Task details: Reproduce only the lines below from the line containing "Shop Women's Orange" to the line containing "Black Onyx 7 Chakra Mala Necklace 108 Beads", exactly as written, with both end lines kept. Omit the pictures.

Input records:

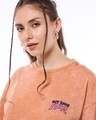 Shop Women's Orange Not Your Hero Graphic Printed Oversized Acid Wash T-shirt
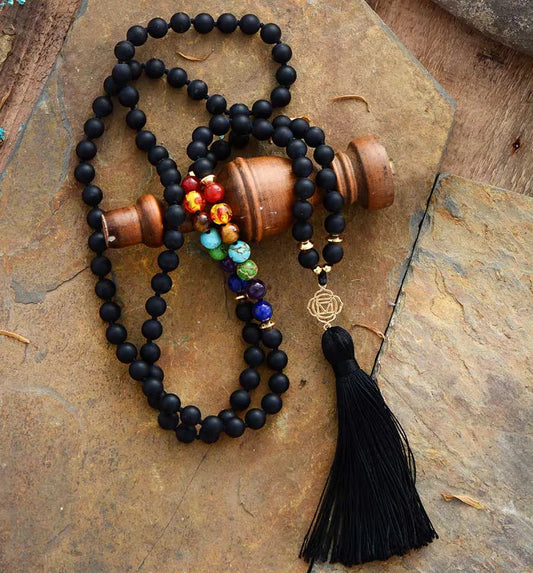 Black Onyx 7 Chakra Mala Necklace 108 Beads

* * *

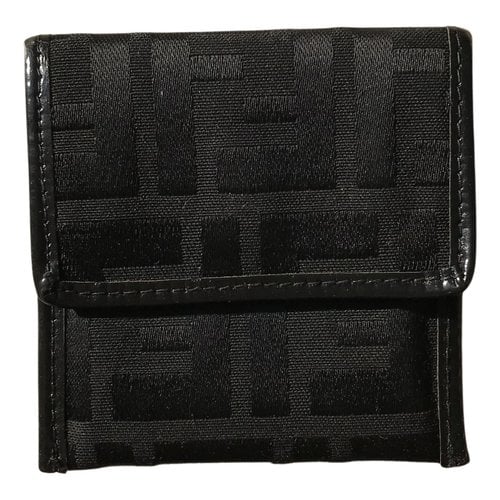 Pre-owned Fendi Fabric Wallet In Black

...

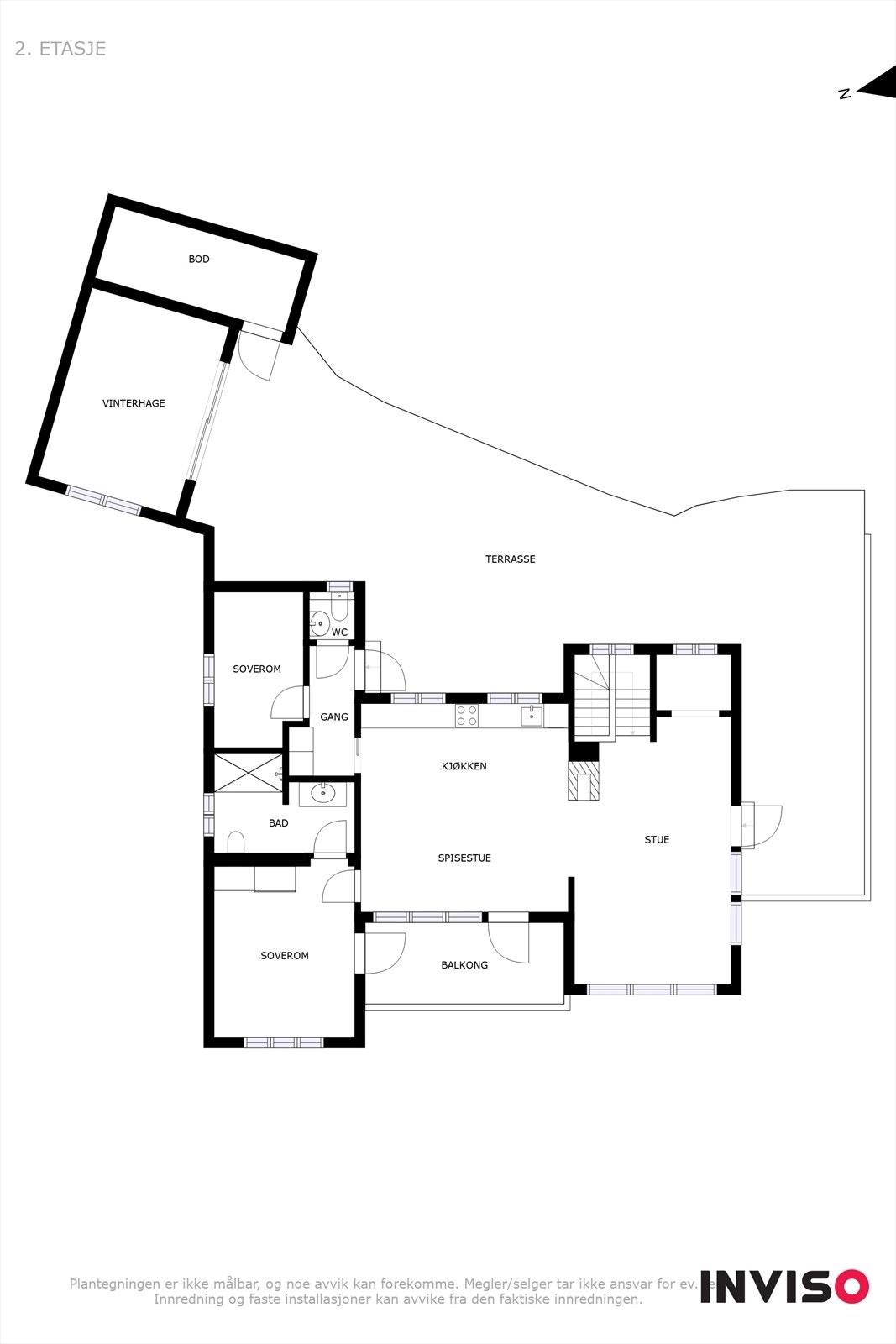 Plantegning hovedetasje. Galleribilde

Result of this task:
 Shop Women's Orange Not Your Hero Graphic Printed Oversized Acid Wash T-shirt
 Black Onyx 7 Chakra Mala Necklace 108 Beads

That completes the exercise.